Dataset entries
»»

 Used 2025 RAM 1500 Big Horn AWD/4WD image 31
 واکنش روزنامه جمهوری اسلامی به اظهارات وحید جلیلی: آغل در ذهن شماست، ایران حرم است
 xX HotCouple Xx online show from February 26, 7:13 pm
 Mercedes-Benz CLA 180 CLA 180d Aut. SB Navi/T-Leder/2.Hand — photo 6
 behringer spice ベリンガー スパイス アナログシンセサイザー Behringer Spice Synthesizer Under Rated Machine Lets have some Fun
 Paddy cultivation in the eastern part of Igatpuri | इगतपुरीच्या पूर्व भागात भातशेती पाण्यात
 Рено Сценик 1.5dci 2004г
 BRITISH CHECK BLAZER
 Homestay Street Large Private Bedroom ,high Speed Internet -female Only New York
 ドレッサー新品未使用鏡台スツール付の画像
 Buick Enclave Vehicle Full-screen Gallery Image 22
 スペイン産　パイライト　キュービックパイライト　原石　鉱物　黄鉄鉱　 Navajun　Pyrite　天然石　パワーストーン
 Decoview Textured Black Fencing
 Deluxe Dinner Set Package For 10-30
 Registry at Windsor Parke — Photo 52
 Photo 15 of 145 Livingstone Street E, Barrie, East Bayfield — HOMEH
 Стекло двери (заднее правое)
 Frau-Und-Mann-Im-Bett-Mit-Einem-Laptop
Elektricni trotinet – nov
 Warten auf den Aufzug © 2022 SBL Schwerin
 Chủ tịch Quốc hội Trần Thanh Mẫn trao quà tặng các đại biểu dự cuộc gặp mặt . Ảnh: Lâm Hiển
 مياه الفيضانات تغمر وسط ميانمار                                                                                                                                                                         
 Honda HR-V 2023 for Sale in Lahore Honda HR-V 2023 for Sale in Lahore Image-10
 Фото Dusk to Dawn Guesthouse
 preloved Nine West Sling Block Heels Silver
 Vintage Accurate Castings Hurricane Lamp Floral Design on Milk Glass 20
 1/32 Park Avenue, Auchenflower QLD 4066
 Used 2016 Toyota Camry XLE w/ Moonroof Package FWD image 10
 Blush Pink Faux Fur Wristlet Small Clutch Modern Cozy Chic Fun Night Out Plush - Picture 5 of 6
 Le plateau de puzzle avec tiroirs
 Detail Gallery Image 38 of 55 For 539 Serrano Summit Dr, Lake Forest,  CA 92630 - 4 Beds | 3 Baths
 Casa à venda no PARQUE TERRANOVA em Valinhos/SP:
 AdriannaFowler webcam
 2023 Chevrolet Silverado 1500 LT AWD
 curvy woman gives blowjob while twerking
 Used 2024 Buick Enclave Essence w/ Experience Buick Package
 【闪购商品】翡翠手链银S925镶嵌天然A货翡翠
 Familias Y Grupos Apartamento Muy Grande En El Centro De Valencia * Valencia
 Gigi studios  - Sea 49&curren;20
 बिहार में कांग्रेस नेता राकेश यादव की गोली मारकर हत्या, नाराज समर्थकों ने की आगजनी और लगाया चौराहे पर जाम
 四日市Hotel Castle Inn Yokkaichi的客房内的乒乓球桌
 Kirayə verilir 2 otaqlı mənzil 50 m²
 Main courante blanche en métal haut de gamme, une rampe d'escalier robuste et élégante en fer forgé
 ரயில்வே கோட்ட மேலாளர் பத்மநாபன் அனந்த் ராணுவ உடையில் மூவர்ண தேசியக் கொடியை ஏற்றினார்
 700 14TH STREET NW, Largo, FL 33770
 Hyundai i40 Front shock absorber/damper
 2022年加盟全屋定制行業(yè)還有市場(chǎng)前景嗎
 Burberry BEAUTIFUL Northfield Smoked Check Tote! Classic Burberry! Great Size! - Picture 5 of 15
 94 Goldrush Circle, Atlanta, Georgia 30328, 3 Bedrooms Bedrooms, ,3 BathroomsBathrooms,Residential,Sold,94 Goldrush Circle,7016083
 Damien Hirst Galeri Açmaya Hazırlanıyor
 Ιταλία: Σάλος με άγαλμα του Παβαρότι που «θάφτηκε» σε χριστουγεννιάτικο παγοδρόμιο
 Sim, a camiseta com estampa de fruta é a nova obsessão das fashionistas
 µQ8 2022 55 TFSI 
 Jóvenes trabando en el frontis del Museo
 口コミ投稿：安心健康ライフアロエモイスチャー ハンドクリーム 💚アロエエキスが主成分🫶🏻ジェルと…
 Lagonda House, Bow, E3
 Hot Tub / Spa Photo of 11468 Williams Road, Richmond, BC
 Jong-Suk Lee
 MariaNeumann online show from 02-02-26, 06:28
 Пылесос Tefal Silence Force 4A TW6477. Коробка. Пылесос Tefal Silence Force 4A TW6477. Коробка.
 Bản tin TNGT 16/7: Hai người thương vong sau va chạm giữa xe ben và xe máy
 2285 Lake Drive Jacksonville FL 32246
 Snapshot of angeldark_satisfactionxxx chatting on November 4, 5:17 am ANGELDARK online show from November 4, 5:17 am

««

■ Task requirements
What is needed is every line from the beginning of the data up to and including the line with "BRITISH CHECK BLAZER", given again word for word.

■ Exercise answer
 Used 2025 RAM 1500 Big Horn AWD/4WD image 31
 واکنش روزنامه جمهوری اسلامی به اظهارات وحید جلیلی: آغل در ذهن شماست، ایران حرم است
 xX HotCouple Xx online show from February 26, 7:13 pm
 Mercedes-Benz CLA 180 CLA 180d Aut. SB Navi/T-Leder/2.Hand — photo 6
 behringer spice ベリンガー スパイス アナログシンセサイザー Behringer Spice Synthesizer Under Rated Machine Lets have some Fun
 Paddy cultivation in the eastern part of Igatpuri | इगतपुरीच्या पूर्व भागात भातशेती पाण्यात
 Рено Сценик 1.5dci 2004г
 BRITISH CHECK BLAZER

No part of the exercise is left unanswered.